PROBLEM DESCRIPTION
An exact transcription of the entries is required, with no images included.
== Segment start ==
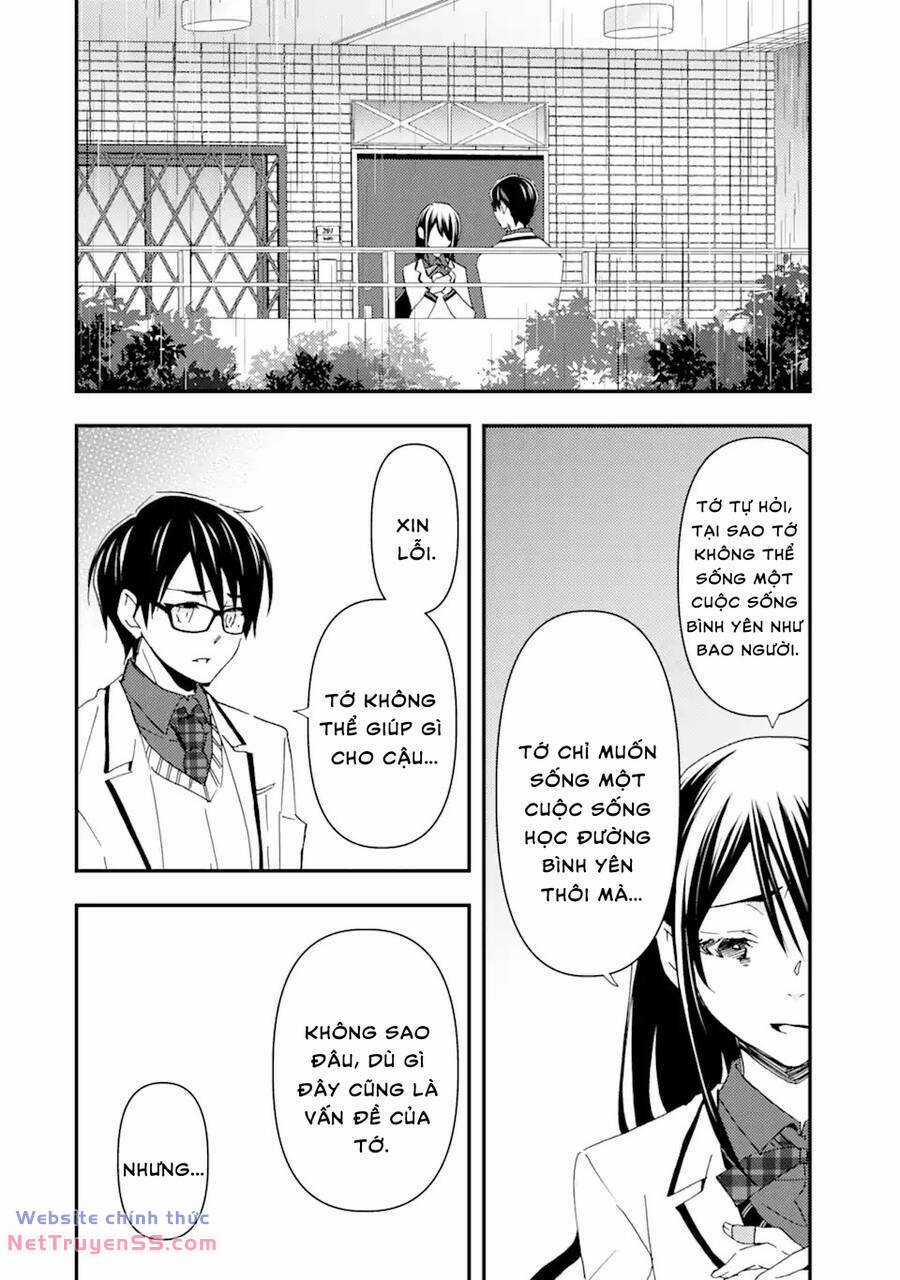 Có Vẻ Như Tôi Đang Tán Tỉnh Cô Gái Xinh Đẹp Nhất Trường Mà Tôi Không Để Ý Chapter 14 trang 2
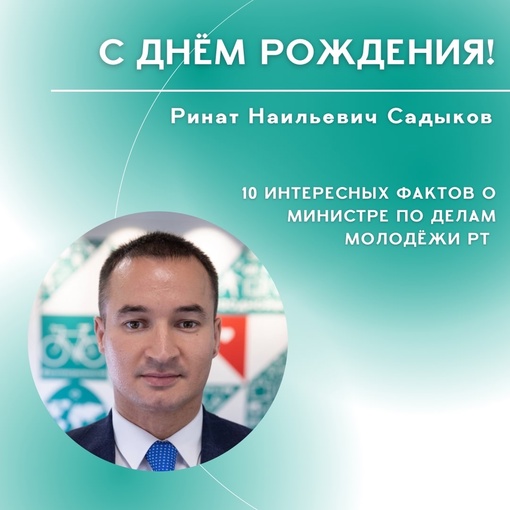 Предлагаем познакомиться с министром поближе Мы считаем, что день рождения…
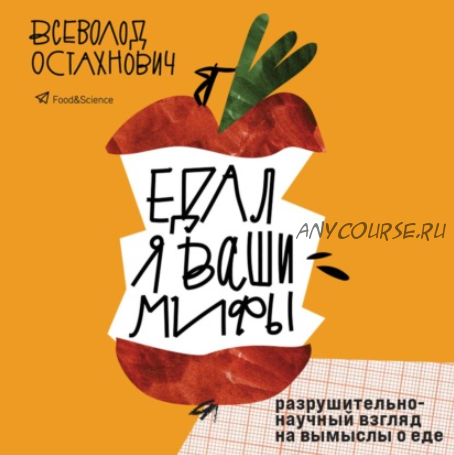 [Аудиокнига] Едал я ваши мифы. Разрушительно-научный взгляд на вымыслы о еде (Всеволод Остахнович)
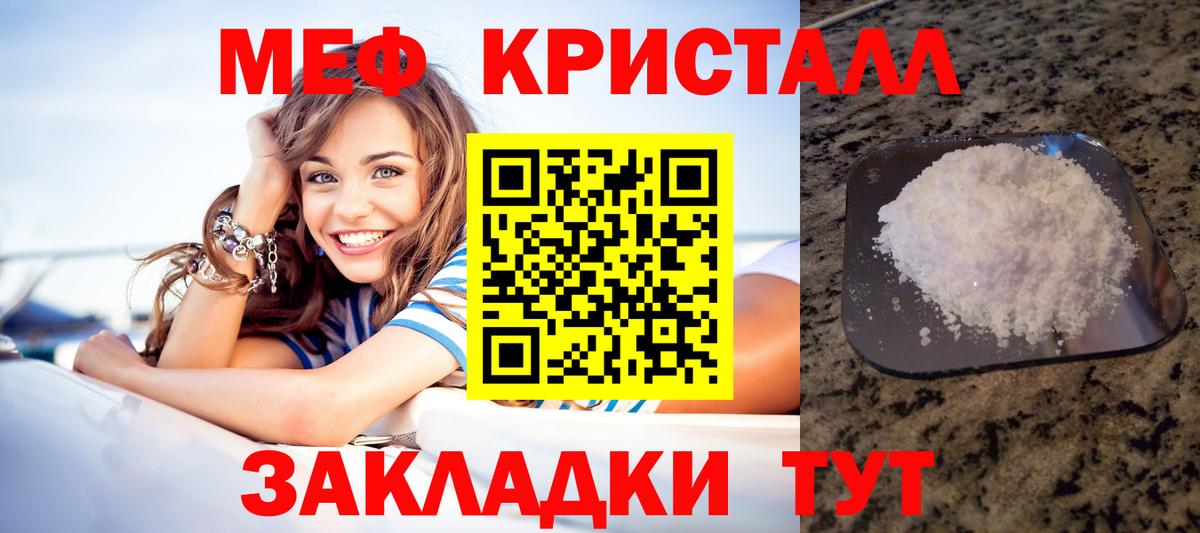 Меф мяу мяу кристаллы Россошь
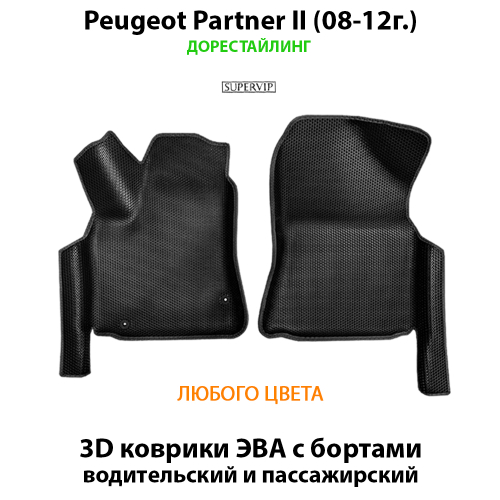 Передние автомобильные коврики ЭВА с бортами для Peugeot Partner II (08-25г.)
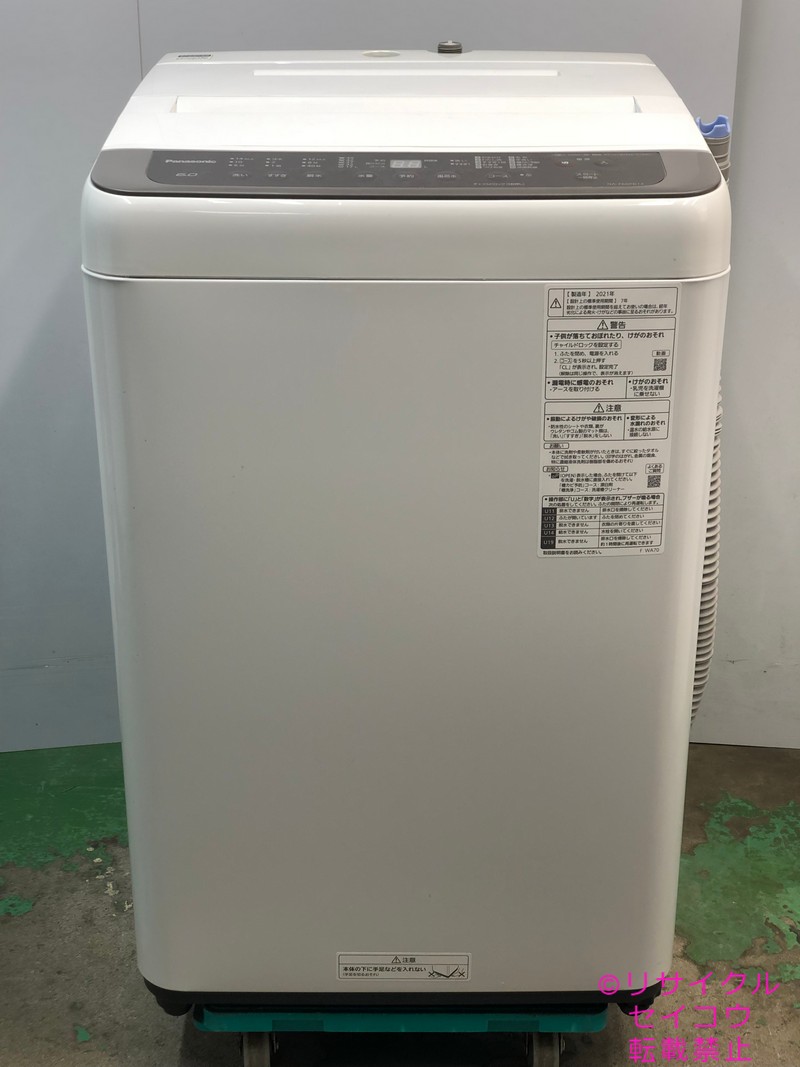 パナソニック 洗濯機 6Kg 21年式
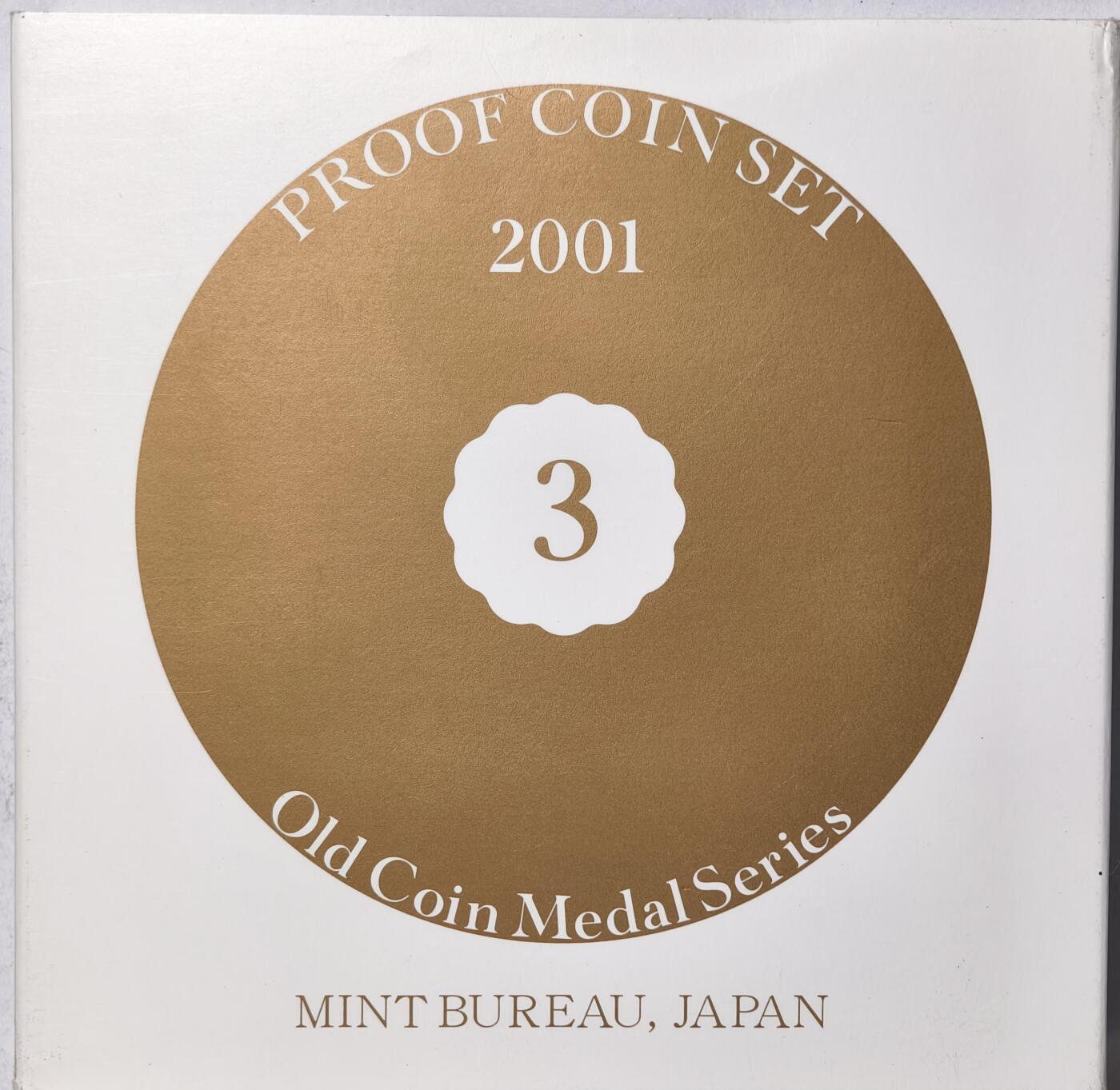 紫瑗钱币——第378期拍卖 日本 2001年 流通币 6枚套 带银章小方盒 精制 原盒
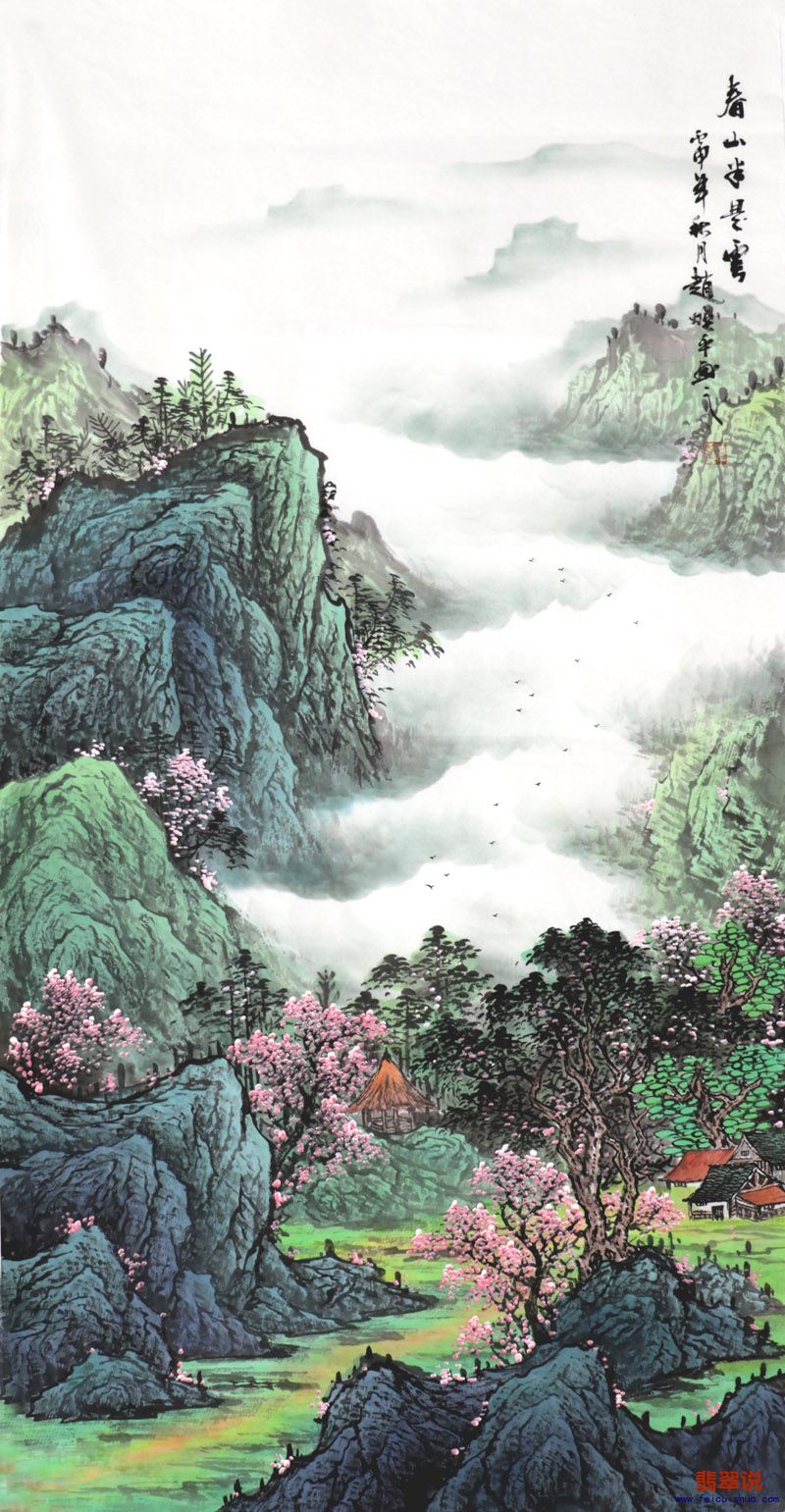 赵焕平·四尺山水30-15.jpg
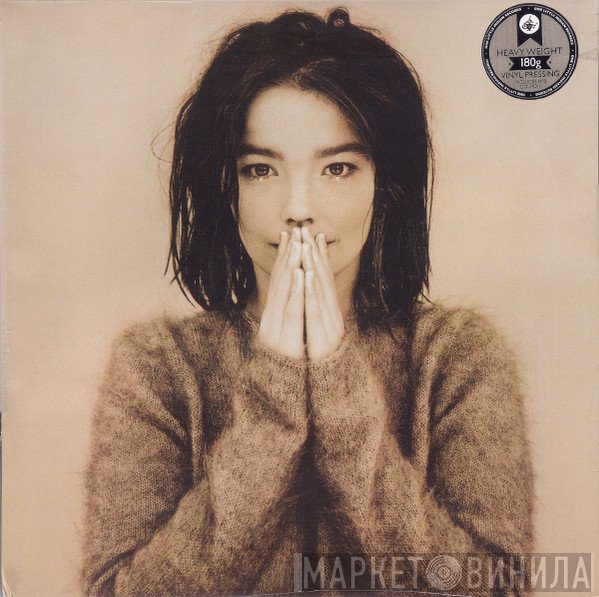 Björk - Debut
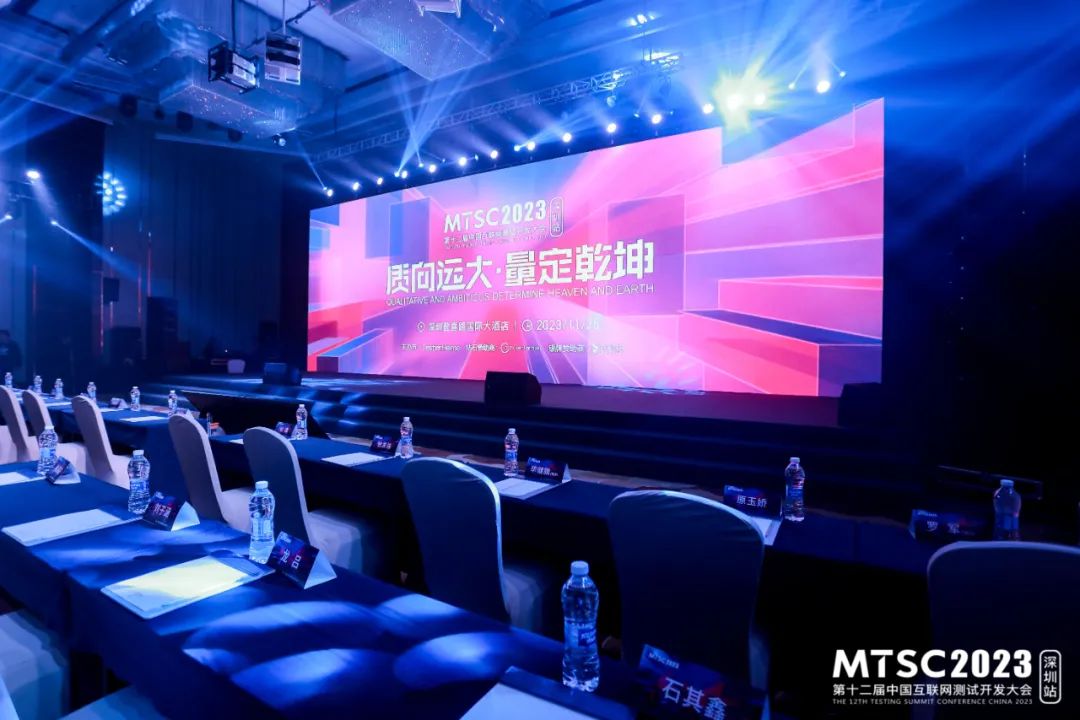 777ٷվӹ˾MTSC2023ڴ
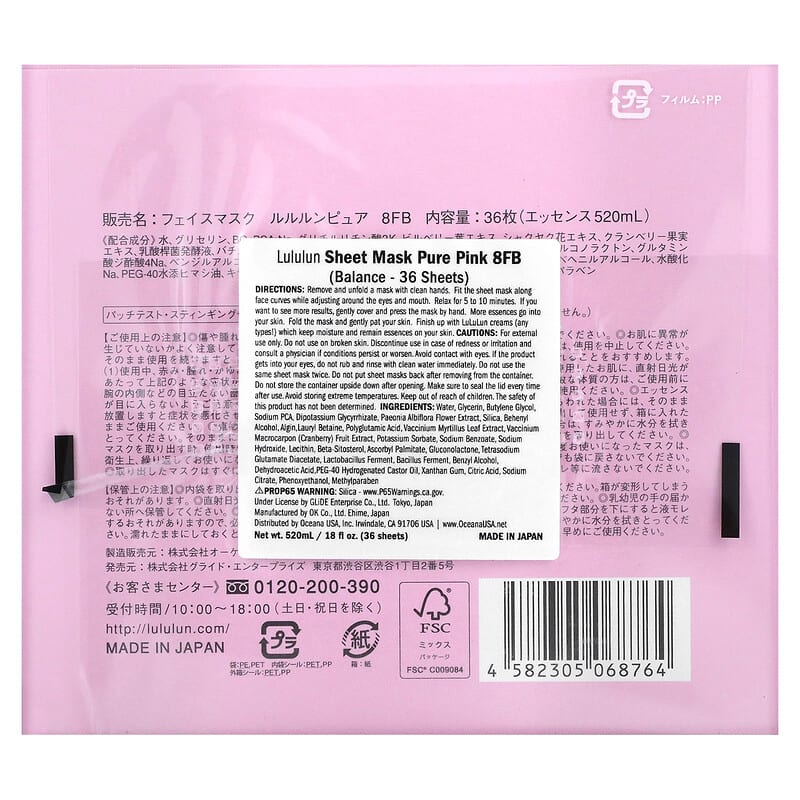 Lululun, Pure Beauty Face Mask, Balance Pink 8FB, 36 Sheets, 18 fl oz (520 ml)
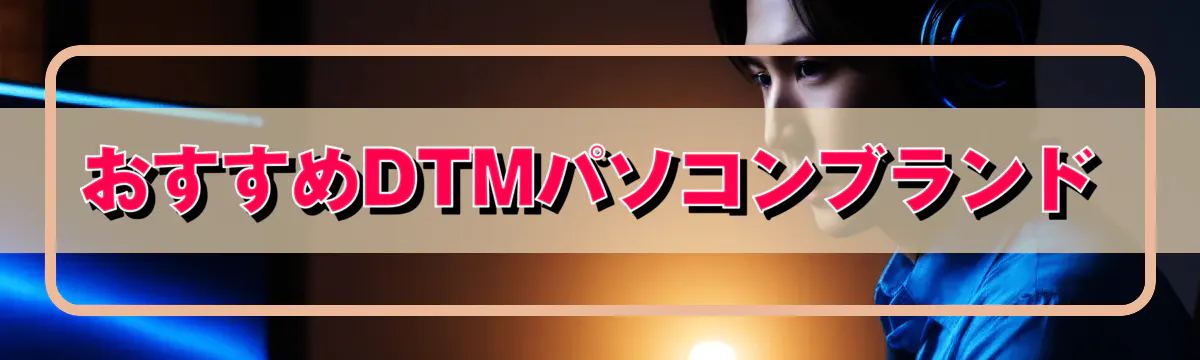 おすすめDTMパソコンブランド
== Segment end ==
RESULT FOR THIS TASK
 Có Vẻ Như Tôi Đang Tán Tỉnh Cô Gái Xinh Đẹp Nhất Trường Mà Tôi Không Để Ý Chapter 14 trang 2
 Предлагаем познакомиться с министром поближе Мы считаем, что день рождения…
 [Аудиокнига] Едал я ваши мифы. Разрушительно-научный взгляд на вымыслы о еде (Всеволод Остахнович)
 Меф мяу мяу кристаллы Россошь
 Передние автомобильные коврики ЭВА с бортами для Peugeot Partner II (08-25г.)
 パナソニック 洗濯機 6Kg 21年式
 紫瑗钱币——第378期拍卖 日本 2001年 流通币 6枚套 带银章小方盒 精制 原盒
 赵焕平·四尺山水30-15.jpg
 Björk - Debut
 777ٷվӹ˾MTSC2023ڴ
 Lululun, Pure Beauty Face Mask, Balance Pink 8FB, 36 Sheets, 18 fl oz (520 ml)
 おすすめDTMパソコンブランド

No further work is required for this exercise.